Koninklijke Harmonie Sint-Martinus Opgrimbie

HEILIGE MARTINUS - 11 NOVEMBER

sint martinus


De H. Martinus werd op de kentering der tijden geboren en al die spanningen en bewogenheden, welke een wending der beschaving plegen te vergezellen, heeft deze grote bisschop van Tours ervaren, al de moeilijkheden van een gistende tijd op het schild van zijn sterk karakter en ijzeren wil moedig opgevangen. Zijn prille jeugd deed weinig vermoeden dat de eenvoudige jongen, die door zijn hart gedreven werd naar de stilte en afzondering - hij had, als de kluizenaars van het Oosten, zijn leven in de eenzaamheid in gebed en versterving willen doorbrengen - door de Voorzienigheid geroepen zou worden om een historische rol van grote draagwijdte te spelen en Apostel van Gallië te worden, in een tijd toen het Christendom en het heidendom daar in een dramatische strijd gewikkeld waren om de hegemonie in het leven der zielen. Enkele jaren voor zijn geboorte in 316, was door Constantijn de Grote aan de Kerk bij het Edict van Milaan. godsdienstvrijheid gegeven, maar het zieke, gedegenereerde heidendom had de kamp nog niet opgegeven en de stichting en bevestiging van het Christendom zou stoere krachten, bloed en tranen vergen.

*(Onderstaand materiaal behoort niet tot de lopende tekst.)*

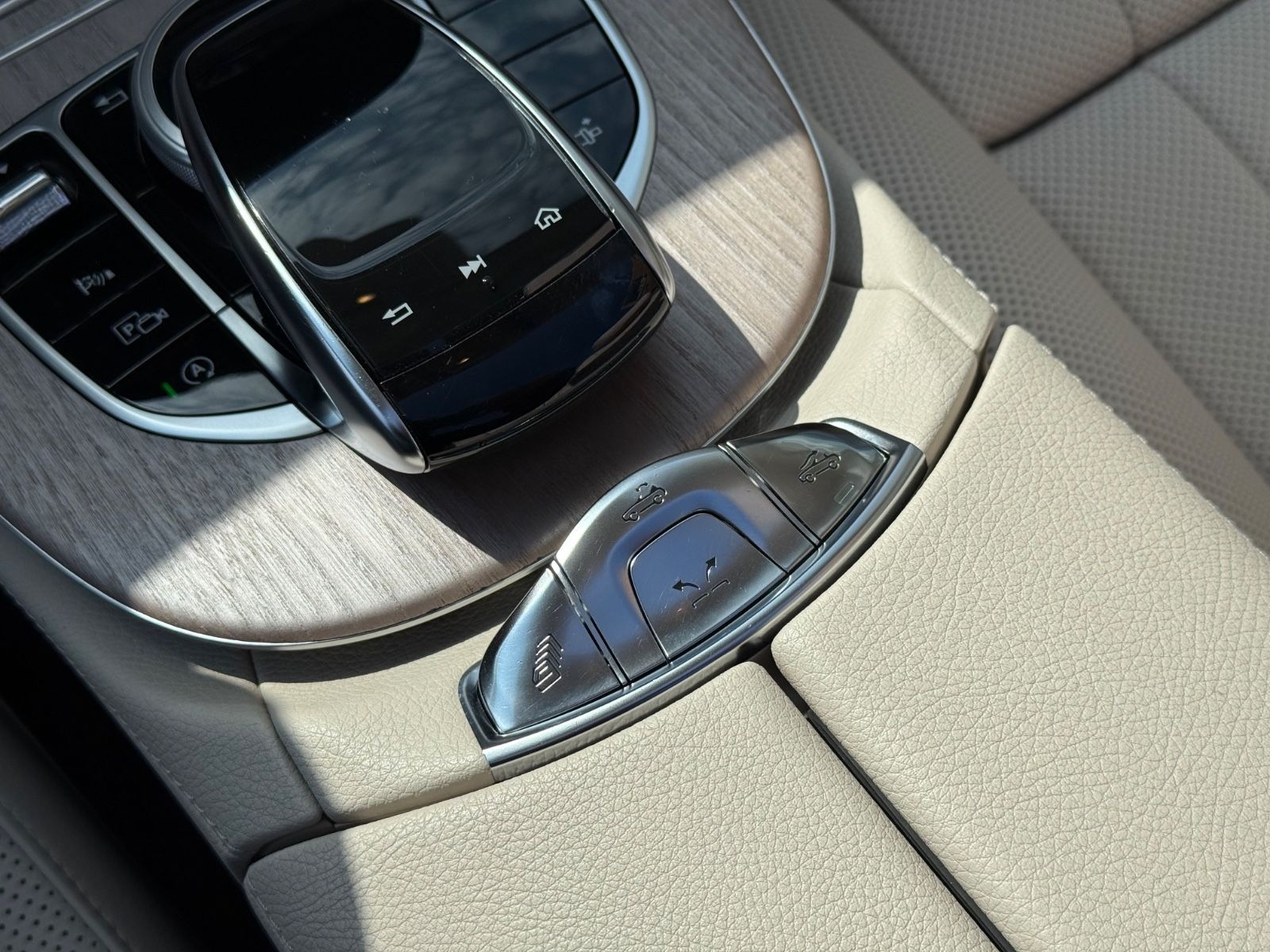 Mercedes-Benz E 400d Cabrio 4Matic AMG-Line LED RMSTR. foto 22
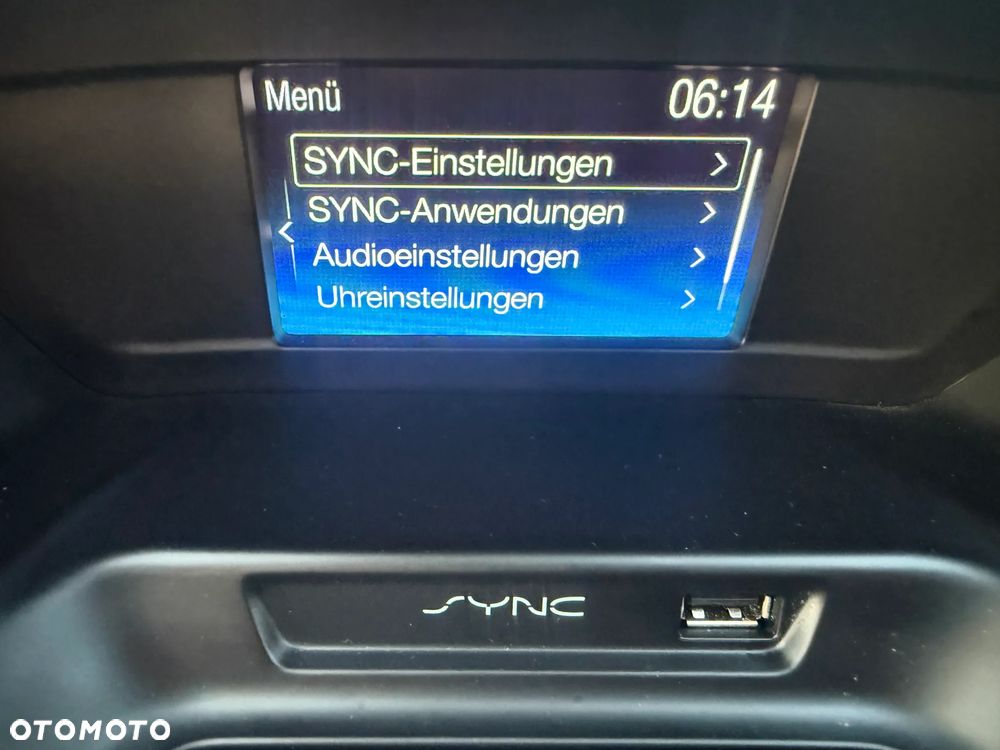 Ford Kuga - 36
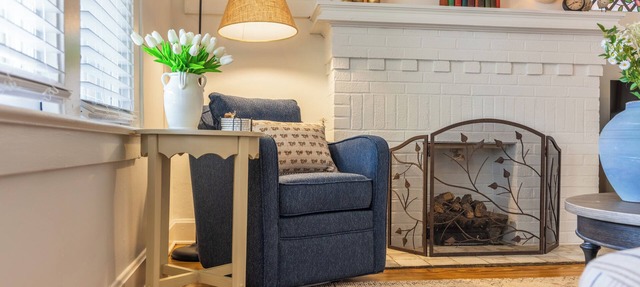 Walkable Cottage In Heart of German Village ~ Close to Everything! Clean + Comfy in Columbus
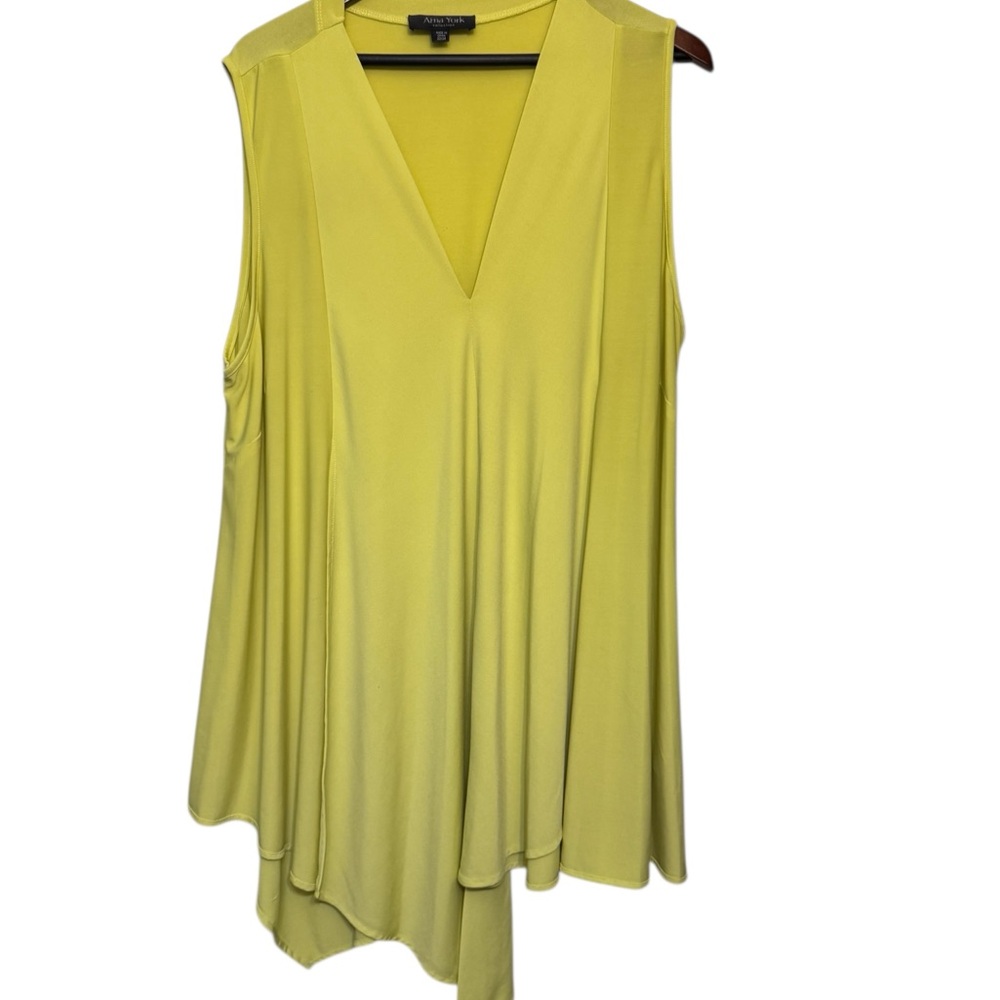 Arna York Asymmetrical Yellow Tunic Top with V-Neck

Het oude Gallië was nog grotendeels heidens, toen Martinus er verscheen; vooral op het platteland leefde het Keltisch-druïdisch heidendom, dat een vermenging had ondergaan van Romeins paganisme en bizarre, theologische bedenksels uit het Oosten, nog krachtig voort. In de steden was het Christendom reeds enige eeuwen oud. Reeds in de tweede eeuw na Christus hadden de H. Photinus en de H. Ireneus de marteldood ondergaan bij de verdediging van de heilige zaak, die ze voorstonden. Daarna echter was de expansie van de kerk in Gallië zo niet gestokt, dan toch slechts zeer moeizaam gevorderd tot de komst van Martinus. Met hem ging de kerk in Gallië een grote, nieuwe bloei tegemoet, zodat de glorieuze titel "Apostel van Frankrijk" St. Martinus rechtens toekomt.

Van Martinus' afkomst en jeugd is ons slechts weinig met zekerheid bekend. De legende-vorming echter, gestimuleerd door zijn grote geestelijke gestalte, heeft een wonderlijk spel met hem gespeeld. Volgens kinderlijke bedenksels der Middeleeuwse mensen was hij een oom van Sint Patricius en de zoon van de koning der Hunnen. Een z.g.n. authentieke genealogie heeft hem tot bloedverwant gemaakt van tien heiligen, van veertien keizers, van acht koningen en zelfs tot een neef van Juliaan, de Afvallige. Maakte een vernuftige legende ook niet van Sint Servaas, die tijdgenoot was van Martinus, een bloedverwant van 0. L. Heer?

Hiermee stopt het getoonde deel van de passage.